START PROVIDED DATA

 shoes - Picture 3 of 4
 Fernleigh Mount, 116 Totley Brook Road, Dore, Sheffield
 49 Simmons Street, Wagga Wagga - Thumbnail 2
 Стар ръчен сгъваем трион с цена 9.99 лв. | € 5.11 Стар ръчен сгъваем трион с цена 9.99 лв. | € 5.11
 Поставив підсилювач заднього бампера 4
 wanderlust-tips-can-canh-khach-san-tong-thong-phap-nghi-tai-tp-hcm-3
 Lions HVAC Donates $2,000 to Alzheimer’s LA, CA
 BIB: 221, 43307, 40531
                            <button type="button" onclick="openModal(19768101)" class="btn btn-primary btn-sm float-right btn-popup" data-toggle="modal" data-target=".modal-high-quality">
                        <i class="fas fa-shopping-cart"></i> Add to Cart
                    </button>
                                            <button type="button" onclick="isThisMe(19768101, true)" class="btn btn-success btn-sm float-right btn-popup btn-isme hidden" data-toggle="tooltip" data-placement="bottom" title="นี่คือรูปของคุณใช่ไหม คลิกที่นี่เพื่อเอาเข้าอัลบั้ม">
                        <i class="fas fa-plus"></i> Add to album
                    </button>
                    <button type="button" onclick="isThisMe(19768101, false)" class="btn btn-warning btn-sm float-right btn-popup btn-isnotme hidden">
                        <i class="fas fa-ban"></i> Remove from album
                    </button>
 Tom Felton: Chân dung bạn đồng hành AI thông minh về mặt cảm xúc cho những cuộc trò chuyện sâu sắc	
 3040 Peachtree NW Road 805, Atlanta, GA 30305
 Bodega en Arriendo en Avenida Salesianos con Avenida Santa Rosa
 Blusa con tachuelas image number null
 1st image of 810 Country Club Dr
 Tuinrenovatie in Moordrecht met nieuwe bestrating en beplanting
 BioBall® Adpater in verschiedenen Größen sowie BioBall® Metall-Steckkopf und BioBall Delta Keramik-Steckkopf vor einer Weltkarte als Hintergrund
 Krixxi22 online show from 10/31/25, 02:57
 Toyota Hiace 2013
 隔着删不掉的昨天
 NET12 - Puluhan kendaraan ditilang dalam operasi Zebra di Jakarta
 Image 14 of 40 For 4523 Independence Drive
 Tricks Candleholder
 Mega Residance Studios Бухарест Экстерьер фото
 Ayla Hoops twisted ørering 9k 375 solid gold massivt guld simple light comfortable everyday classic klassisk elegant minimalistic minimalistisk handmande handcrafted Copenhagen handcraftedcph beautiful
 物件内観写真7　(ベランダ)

END PROVIDED DATA

### [EXERCISE DETAILS]
Every record above is to be copied out again exactly as written.

### [EXERCISE RESPONSE]
 shoes - Picture 3 of 4
 Fernleigh Mount, 116 Totley Brook Road, Dore, Sheffield
 49 Simmons Street, Wagga Wagga - Thumbnail 2
 Стар ръчен сгъваем трион с цена 9.99 лв. | € 5.11 Стар ръчен сгъваем трион с цена 9.99 лв. | € 5.11
 Поставив підсилювач заднього бампера 4
 wanderlust-tips-can-canh-khach-san-tong-thong-phap-nghi-tai-tp-hcm-3
 Lions HVAC Donates $2,000 to Alzheimer’s LA, CA
 BIB: 221, 43307, 40531
                            <button type="button" onclick="openModal(19768101)" class="btn btn-primary btn-sm float-right btn-popup" data-toggle="modal" data-target=".modal-high-quality">
                        <i class="fas fa-shopping-cart"></i> Add to Cart
                    </button>
                                            <button type="button" onclick="isThisMe(19768101, true)" class="btn btn-success btn-sm float-right btn-popup btn-isme hidden" data-toggle="tooltip" data-placement="bottom" title="นี่คือรูปของคุณใช่ไหม คลิกที่นี่เพื่อเอาเข้าอัลบั้ม">
                        <i class="fas fa-plus"></i> Add to album
                    </button>
                    <button type="button" onclick="isThisMe(19768101, false)" class="btn btn-warning btn-sm float-right btn-popup btn-isnotme hidden">
                        <i class="fas fa-ban"></i> Remove from album
                    </button>
 Tom Felton: Chân dung bạn đồng hành AI thông minh về mặt cảm xúc cho những cuộc trò chuyện sâu sắc	
 3040 Peachtree NW Road 805, Atlanta, GA 30305
 Bodega en Arriendo en Avenida Salesianos con Avenida Santa Rosa
 Blusa con tachuelas image number null
 1st image of 810 Country Club Dr
 Tuinrenovatie in Moordrecht met nieuwe bestrating en beplanting
 BioBall® Adpater in verschiedenen Größen sowie BioBall® Metall-Steckkopf und BioBall Delta Keramik-Steckkopf vor einer Weltkarte als Hintergrund
 Krixxi22 online show from 10/31/25, 02:57
 Toyota Hiace 2013
 隔着删不掉的昨天
 NET12 - Puluhan kendaraan ditilang dalam operasi Zebra di Jakarta
 Image 14 of 40 For 4523 Independence Drive
 Tricks Candleholder
 Mega Residance Studios Бухарест Экстерьер фото
 Ayla Hoops twisted ørering 9k 375 solid gold massivt guld simple light comfortable everyday classic klassisk elegant minimalistic minimalistisk handmande handcrafted Copenhagen handcraftedcph beautiful
 物件内観写真7　(ベランダ)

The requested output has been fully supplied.